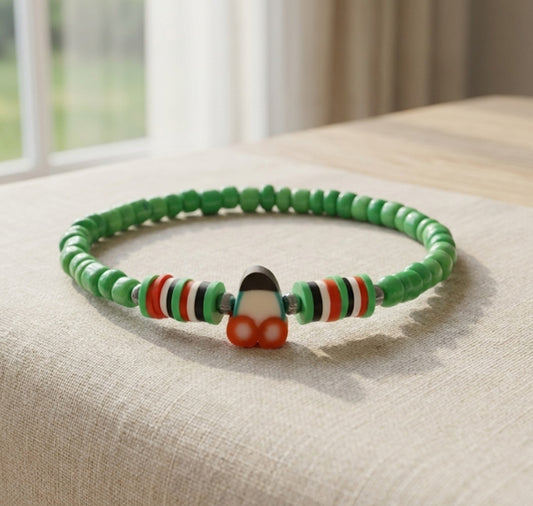 Boho Beaded Bracelet with Cherry Charm – Green Beads & Red-White-Green Accents, Handmade Elastic Jewelry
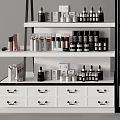 CHILCHAN Display Shelves With Multiple Layers Holding Various Bottles And Containers And Bottom Drawers
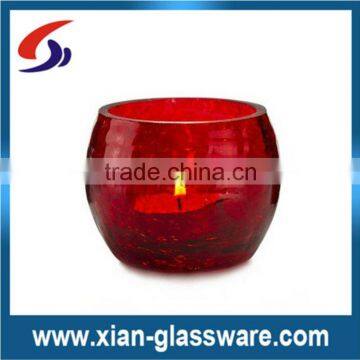 Promotional wholesale red crackle glass votive candle holders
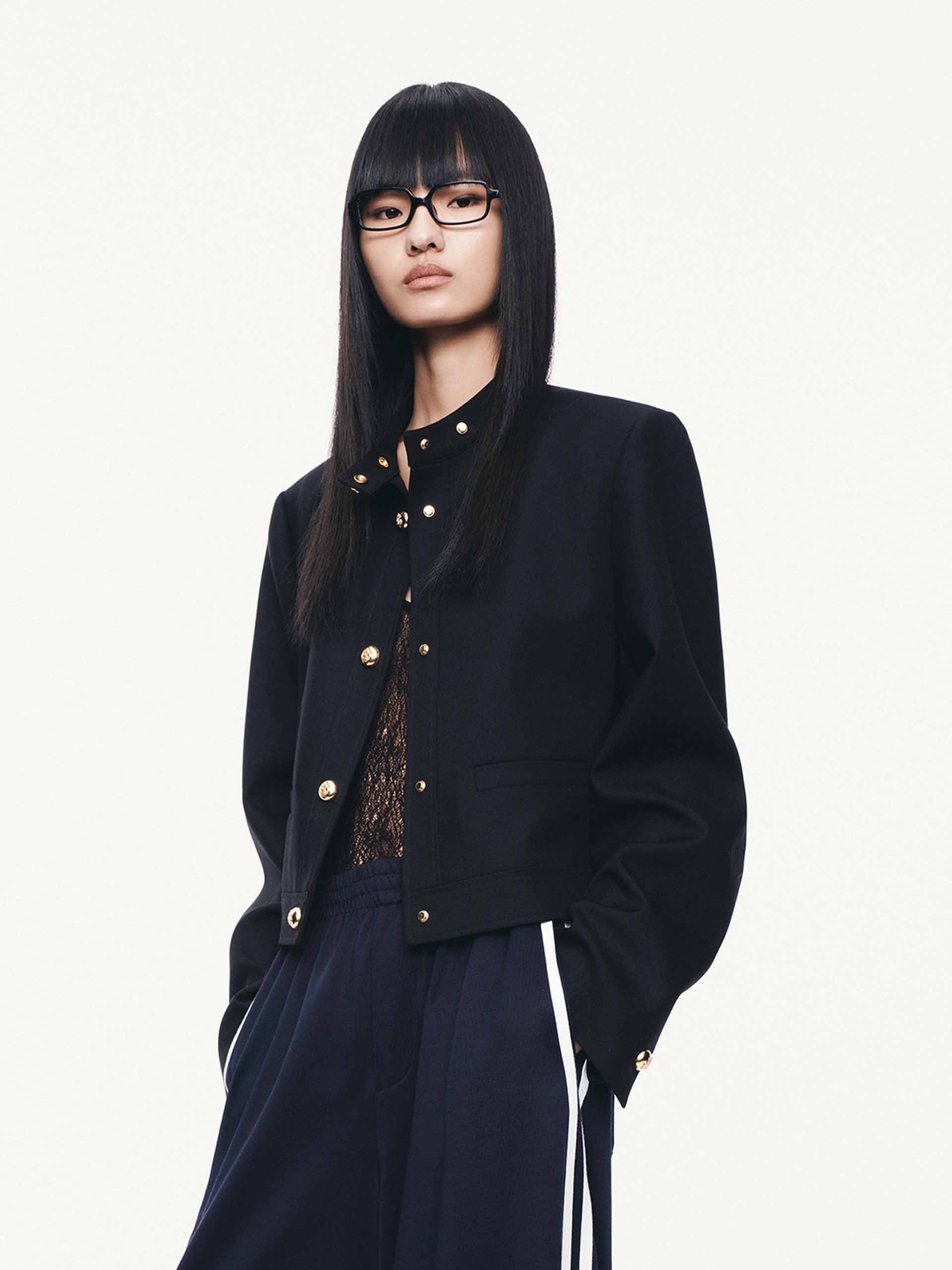 Mock Neck Cropped Jacket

_TASK GOAL_.
Set down, in exact form, only the lines that start at the one containing "Promotional wholesale red" and finish at the last line of the material; pictures do not go in.

_EXPECTED ANSWER_.
 Promotional wholesale red crackle glass votive candle holders
 Mock Neck Cropped Jacket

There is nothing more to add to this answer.